Apartemen atau condotel 15 lantai itu rencananya akan didirikan di Jl Kaliurang Km 5, Dusun Karangwuni yang merupakan kawasan padat penduduk dan arus lalu lintas. Proses izin pendirian ditengarai juga menyalahi prosedur izin pendirian dan peruntukannya.
"Kami warga di tingkat RT di sekitar lokasi tidak pernah dimintai tandatangan resmi untuk izin pendirian bangunan sebagai syarat," ungkap Rita Dharani kepada wartawan di Dusun Karangwuni, Catur Tunggal Depok, Sleman, Selasa (29/4/2014).

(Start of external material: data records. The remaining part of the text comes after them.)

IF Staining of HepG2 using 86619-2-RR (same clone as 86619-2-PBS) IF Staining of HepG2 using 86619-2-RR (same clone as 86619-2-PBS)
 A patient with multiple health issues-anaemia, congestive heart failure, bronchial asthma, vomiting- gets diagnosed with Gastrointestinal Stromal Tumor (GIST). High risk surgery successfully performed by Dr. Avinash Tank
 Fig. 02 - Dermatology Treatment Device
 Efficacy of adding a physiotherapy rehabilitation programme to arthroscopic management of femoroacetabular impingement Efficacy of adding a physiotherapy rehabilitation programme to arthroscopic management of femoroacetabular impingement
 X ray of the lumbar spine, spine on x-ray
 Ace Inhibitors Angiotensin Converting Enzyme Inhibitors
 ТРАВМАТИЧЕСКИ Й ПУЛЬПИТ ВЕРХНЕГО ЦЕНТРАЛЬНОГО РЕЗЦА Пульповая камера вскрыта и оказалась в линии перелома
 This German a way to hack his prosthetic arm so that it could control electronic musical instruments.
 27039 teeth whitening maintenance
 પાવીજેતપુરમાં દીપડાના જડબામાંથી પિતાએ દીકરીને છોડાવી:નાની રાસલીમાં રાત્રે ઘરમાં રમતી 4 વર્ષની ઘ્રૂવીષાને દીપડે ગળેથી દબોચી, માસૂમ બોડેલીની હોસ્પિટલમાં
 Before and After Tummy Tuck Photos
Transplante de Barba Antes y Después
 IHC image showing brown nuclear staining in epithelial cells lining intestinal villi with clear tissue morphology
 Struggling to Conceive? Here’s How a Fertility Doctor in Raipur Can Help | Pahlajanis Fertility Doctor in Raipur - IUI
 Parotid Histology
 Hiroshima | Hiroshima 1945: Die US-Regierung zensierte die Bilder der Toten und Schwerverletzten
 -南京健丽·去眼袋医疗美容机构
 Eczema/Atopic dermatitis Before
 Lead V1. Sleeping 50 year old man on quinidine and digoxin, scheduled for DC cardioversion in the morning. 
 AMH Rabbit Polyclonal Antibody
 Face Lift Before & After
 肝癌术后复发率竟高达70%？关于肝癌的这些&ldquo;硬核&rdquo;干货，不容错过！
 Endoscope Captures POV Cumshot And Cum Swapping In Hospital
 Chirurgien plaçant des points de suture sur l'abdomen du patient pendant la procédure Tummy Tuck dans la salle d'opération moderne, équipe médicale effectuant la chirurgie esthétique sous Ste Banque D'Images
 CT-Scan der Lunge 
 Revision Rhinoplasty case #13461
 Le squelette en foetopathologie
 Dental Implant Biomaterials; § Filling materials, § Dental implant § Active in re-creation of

Menurut dia, warga mengkhawatirkan berkurangnya ketersedian air tanah di sekitar lokasi. Sebab dipastikan apartemen tersebut akan menggunakan air tanah serta terjadinya pencemaran lingkungan lainnya.
"Hak-hak warga terutama soal kenyamanan dan ketenangan lingkungan juga terganggu. Kawasan ini sekarang saja sebelum berdiri apartemen sudah rawan kejahatan, kemacetan arus lalu-lintas," katanya.
Rani menambahkan pihak pengembang saat sosialisasi kepada warga hanya mengatakan untuk tempat kos-kosan eksklusif. Namun setelah itu merubah izin menjadi apartemen atau Condotel.
Ketika warga menanyakan kepada pemerintah desa hingga muspika Depok, tidak ada satupun yang pemerintah setempat memberikan jawaban yang transparan soal pemilik/perusahaan pengembang tersebut.
"Kami meragukan proses izin Amdal dan pemerintah/dinas yang menerbitkan Izin Peruntukan Tanah (IPT) tanpa pesetujuan warga. Kami tidak ingin, air tanah warga jadi kering akibat disedot pendirian apartemen," katanya.
Saat ini pihaknya juga sudah mengirimkan surat kepada Gubernur DIY, DPRD DIY, Pemkab Sleman, DPRD Sleman mengenai kasus pendirian apartemen ini. Pendirian apartemen Uttara ini sudah meresahkan warga.
"Apalagi brosur, baliho dan billboard sudah dipasang di sekitar lokasi. Kami tetap menolak," pungkas Rani.